O diretor Joel Schumacher faleceu na semana em que esse texto foi feito aos 80 anos. E acabou anunciado nas grandes mídias como o diretor dos filmes ruins do Batman (eternamente e batman & robin). São filmes ruins? sim (mas tem todo um contexto por trás que um dia eu explique) mas sua carreira não se resume só a isso. Ele fez outros bons filmes, clássicos oitentistas como 'O primeiro ano do resto de nossas vidas' e 'Garotos Perdidos', '9mm' (com Nick Cage, o ator 8 ou 80 adoramos odiar), o ótimo 'Tempo de matar' e o que pra mim é sua obra-prima, 'um dia de fúria"
Dizem que é um filme que repete pouco nas Tvs a cabo da vida por ser um filme extremamente convidativo. Ou seja, tem o medo de que as pessoas resolvam comprar submetralhadoras e bazucas e saiam explodindo as coisas por aí. Claro que quem viu o filme já se imaginou ameaçando os pobres atendentes de fast food com uma arma pedindo pra fazer um sanduíche igual ao que tem na foto - uma das cenas mais icônicas do filme, mas a mensagem do filme é mais do que isso.

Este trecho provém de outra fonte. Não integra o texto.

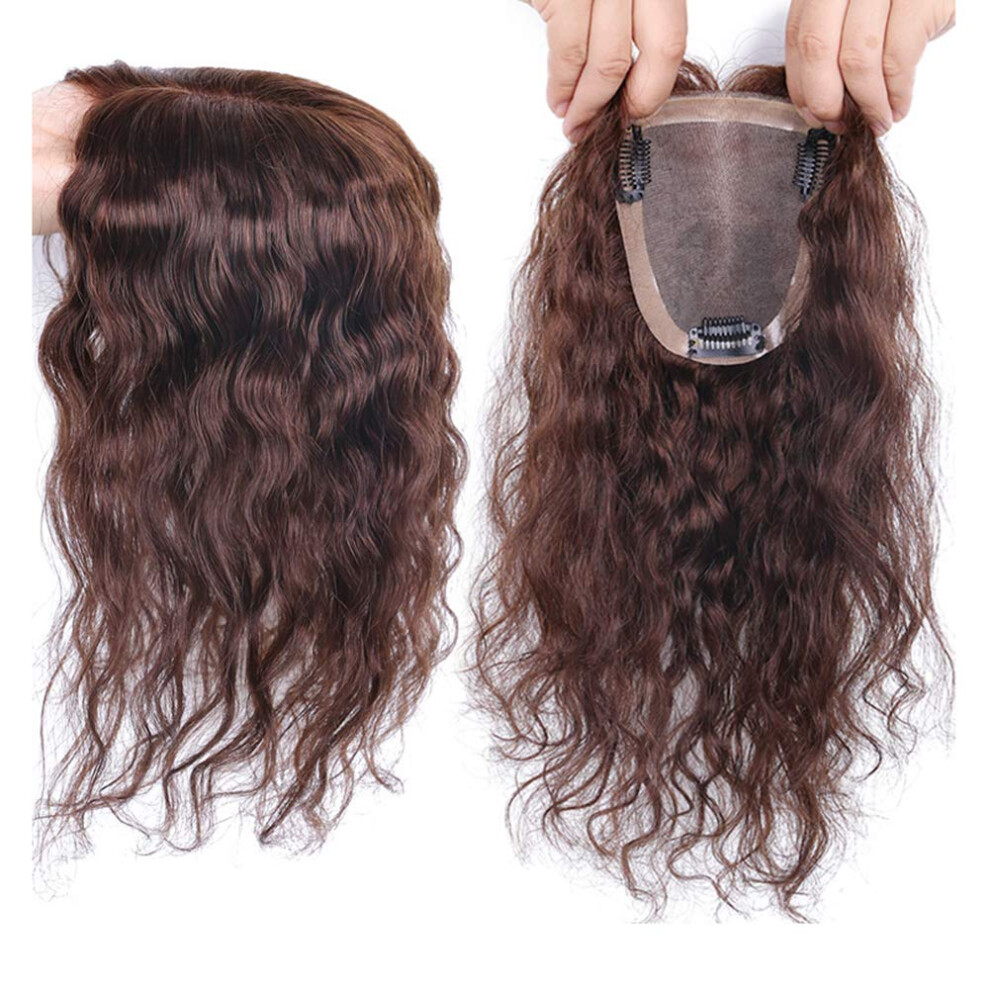 Unisex Black Human Hair Topper Clip In For Thinning Crown 7X10cm Natural Hairline Lightweight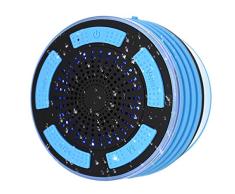 Altavoz Bluetooth Radio de Ducha Altavoz Inalambrico Portátil con LED y Ventosa, súper bajo y Sonido HD, Micrófono Integrado, IPX7 Impermeable Para Playa, Piscina, Cocina y Hogar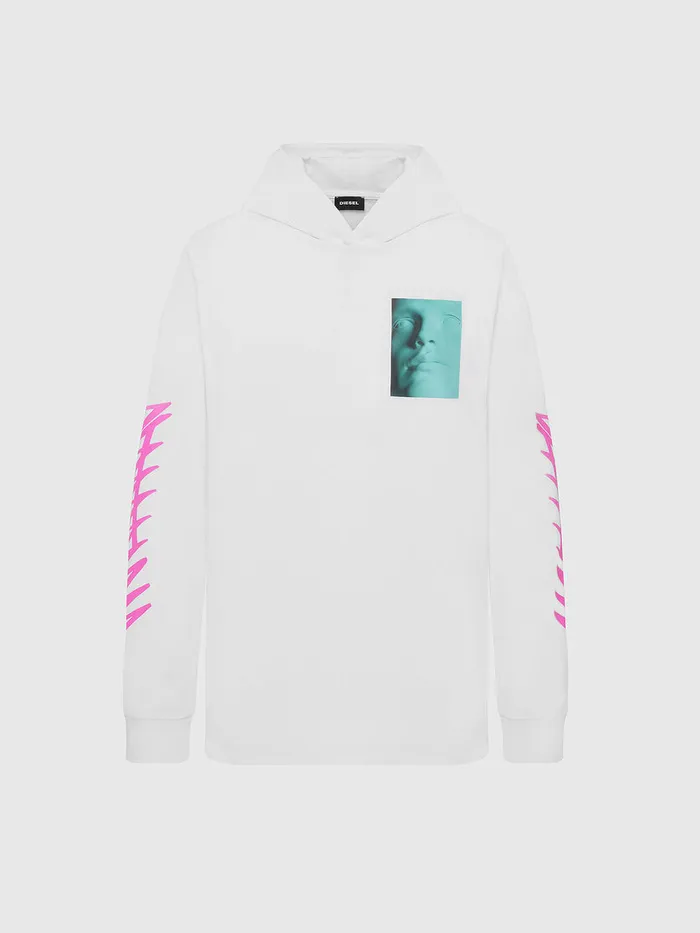 Diesel Tshirts Mens TJUSTLSHOODX30 White Gift Ideas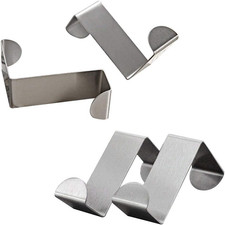 Pack of 4 Stainless Steel Reversible Over Door Cabinet Drawer Hooks Office Kitch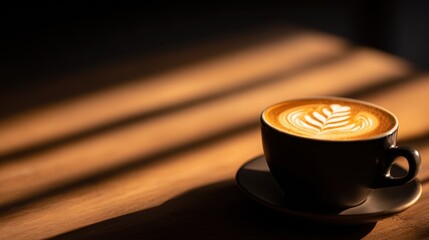 A beautifully crafted latte art in a black cup on a wooden table with soft shadows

William Foster (Michael Douglas) só queria chegar a tempo da casa da ex-mulher para o aniversário da filha. Desempregado, divorciado, preso no engarramento monstro em um dia de calor infernal em Los Angeles, ele teve o gatilho necessário para deixar o carro no meio do congestionamento, deixar se quebrar e explodir contra tudo e todos. E daí vem a nossa identificação com Foster. todo mundo em algum momento se sentiu acuado, triste, preso pela rotina enlouquecedora do dia-a-dia e teve vontade de explodir em meio a paranoia urbana das grandes cidades. Você já torce pro cara desde o início.
Michael Douglas, em atuação magnífica, consegue representar com maestria todo o ódio acumulado do personagem que se aflorou e não vai mais ficar guardado. Todo ato será extremo e quem passar pelo seu caminho sofrerá as consequências da pior maneira possível. E Douglas consegue expressar sua fúria sem o prazer visto em vilões de blockbusters. Não há sorrisos, ele não se sente mais leve, colocando aquilo tudo 'pra fora'. Só há agonia, cansaço, um olhar intransigente em meio a todas atrocidades que ele vai cometendo ao longo do filme.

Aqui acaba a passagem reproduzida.